Activity: Repeat exactly the line with "Vesper Hex Cabinet Knob - Black 33mm" and each line after it to the end of the data below; pictures stay out.

Data under study:

------------------------------------------------------------------------

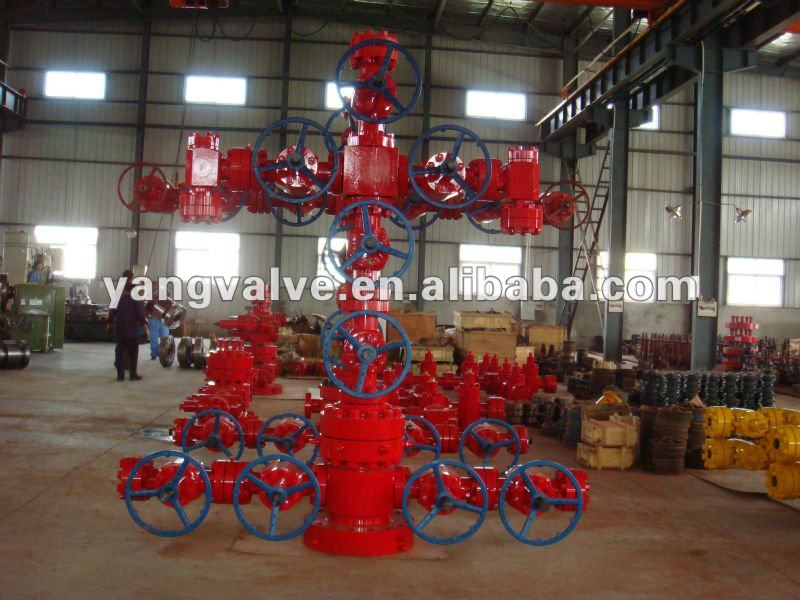 X-mas tree (gas) wellhead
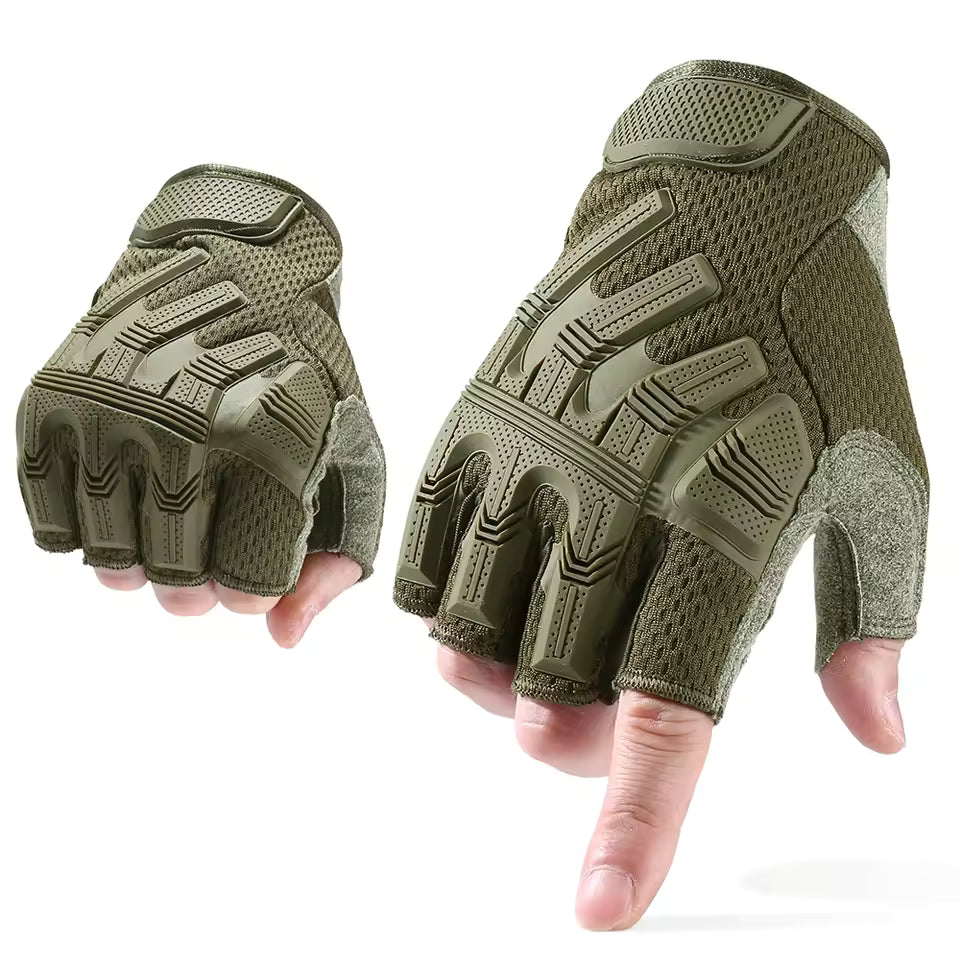 Stealth Padded Half Finger Gloves - Totowa Airsoft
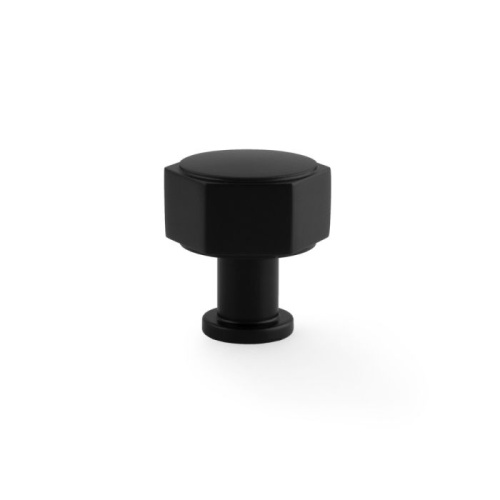 Vesper Hex Cabinet Knob - Black 33mm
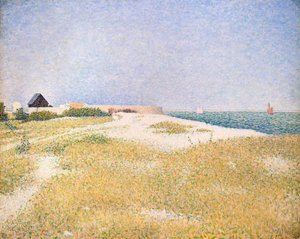 Kilátás a Samson-erődre, 1885. alkotó: Georges Pierre Seurat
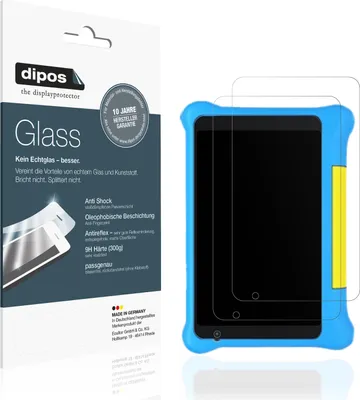 Produktbild von Schutzfolie für HotLight Kinder Tablet 7 Zoll matt - Anti-Shock 9H Folie dipos Glass Kunststoffglas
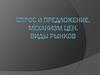 Спрос и предложение. Механизм цен. Виды рынков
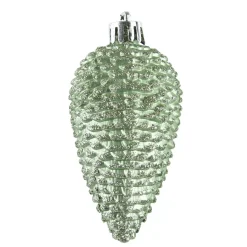 Set di 6 pigne da appendere (H8 cm) Alpine Verde Matcha
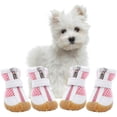 thumbnail image 2 of 4Pcs Pet Dog Sports Puppy Booties Sandals Mesh Shoes Dog Shoes for Small Dogs Boots, Breathable Dog Booties PawProtector for Hot Pavement WinterSnow Hiking Booties, 2 of 7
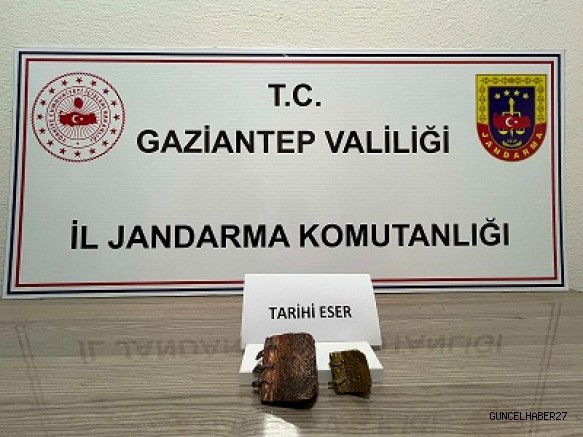 Gaziantep’te Sahte Tarihi Eser Operasyonu: 2 Şüpheli Yakalandı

------------------------------------------------------------------------

Solution to this exercise:
 Vesper Hex Cabinet Knob - Black 33mm
 Kilátás a Samson-erődre, 1885. alkotó: Georges Pierre Seurat
 Produktbild von Schutzfolie für HotLight Kinder Tablet 7 Zoll matt - Anti-Shock 9H Folie dipos Glass Kunststoffglas
 Спрос и предложение. Механизм цен. Виды рынков
 Set di 6 pigne da appendere (H8 cm) Alpine Verde Matcha
 thumbnail image 2 of 4Pcs Pet Dog Sports Puppy Booties Sandals Mesh Shoes Dog Shoes for Small Dogs Boots, Breathable Dog Booties PawProtector for Hot Pavement WinterSnow Hiking Booties, 2 of 7
 Gaziantep’te Sahte Tarihi Eser Operasyonu: 2 Şüpheli Yakalandı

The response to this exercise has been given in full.